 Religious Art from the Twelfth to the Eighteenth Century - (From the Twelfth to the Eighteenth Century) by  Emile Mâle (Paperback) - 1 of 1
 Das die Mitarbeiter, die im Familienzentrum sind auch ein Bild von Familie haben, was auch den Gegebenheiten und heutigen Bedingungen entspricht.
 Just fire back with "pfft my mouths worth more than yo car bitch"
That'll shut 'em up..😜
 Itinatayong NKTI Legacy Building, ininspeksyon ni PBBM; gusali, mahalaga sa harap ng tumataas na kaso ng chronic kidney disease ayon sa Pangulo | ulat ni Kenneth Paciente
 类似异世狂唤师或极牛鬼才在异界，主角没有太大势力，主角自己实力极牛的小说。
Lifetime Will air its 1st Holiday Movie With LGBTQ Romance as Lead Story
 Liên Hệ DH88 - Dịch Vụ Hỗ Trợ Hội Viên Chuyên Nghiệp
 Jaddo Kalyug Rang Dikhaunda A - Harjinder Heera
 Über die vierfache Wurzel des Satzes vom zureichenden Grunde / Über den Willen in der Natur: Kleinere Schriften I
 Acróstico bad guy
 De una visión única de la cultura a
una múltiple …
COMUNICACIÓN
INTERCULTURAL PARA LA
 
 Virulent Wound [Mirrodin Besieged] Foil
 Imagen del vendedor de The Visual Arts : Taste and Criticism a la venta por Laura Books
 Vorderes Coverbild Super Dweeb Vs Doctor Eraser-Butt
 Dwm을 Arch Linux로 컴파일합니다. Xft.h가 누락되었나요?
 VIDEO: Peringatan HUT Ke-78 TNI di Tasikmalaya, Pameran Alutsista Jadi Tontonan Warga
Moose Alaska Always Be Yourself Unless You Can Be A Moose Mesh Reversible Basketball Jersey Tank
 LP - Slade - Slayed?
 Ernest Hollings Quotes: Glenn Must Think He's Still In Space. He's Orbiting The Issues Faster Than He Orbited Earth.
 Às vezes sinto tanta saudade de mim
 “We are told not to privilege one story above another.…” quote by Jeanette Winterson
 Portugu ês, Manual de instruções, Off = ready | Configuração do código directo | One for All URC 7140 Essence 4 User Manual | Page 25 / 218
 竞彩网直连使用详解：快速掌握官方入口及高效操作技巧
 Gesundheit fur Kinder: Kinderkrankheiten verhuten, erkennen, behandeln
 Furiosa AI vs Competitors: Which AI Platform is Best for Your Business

______

- **EXERCISE DESCRIPTION**:
Transcribe the material exactly, stopping after the "COMUNICACIÓN" line.

- **REPLY TO THE EXERCISE**:
 Religious Art from the Twelfth to the Eighteenth Century - (From the Twelfth to the Eighteenth Century) by  Emile Mâle (Paperback) - 1 of 1
 Das die Mitarbeiter, die im Familienzentrum sind auch ein Bild von Familie haben, was auch den Gegebenheiten und heutigen Bedingungen entspricht.
 Just fire back with "pfft my mouths worth more than yo car bitch"
That'll shut 'em up..😜
 Itinatayong NKTI Legacy Building, ininspeksyon ni PBBM; gusali, mahalaga sa harap ng tumataas na kaso ng chronic kidney disease ayon sa Pangulo | ulat ni Kenneth Paciente
 类似异世狂唤师或极牛鬼才在异界，主角没有太大势力，主角自己实力极牛的小说。
Lifetime Will air its 1st Holiday Movie With LGBTQ Romance as Lead Story
 Liên Hệ DH88 - Dịch Vụ Hỗ Trợ Hội Viên Chuyên Nghiệp
 Jaddo Kalyug Rang Dikhaunda A - Harjinder Heera
 Über die vierfache Wurzel des Satzes vom zureichenden Grunde / Über den Willen in der Natur: Kleinere Schriften I
 Acróstico bad guy
 De una visión única de la cultura a
una múltiple …
COMUNICACIÓN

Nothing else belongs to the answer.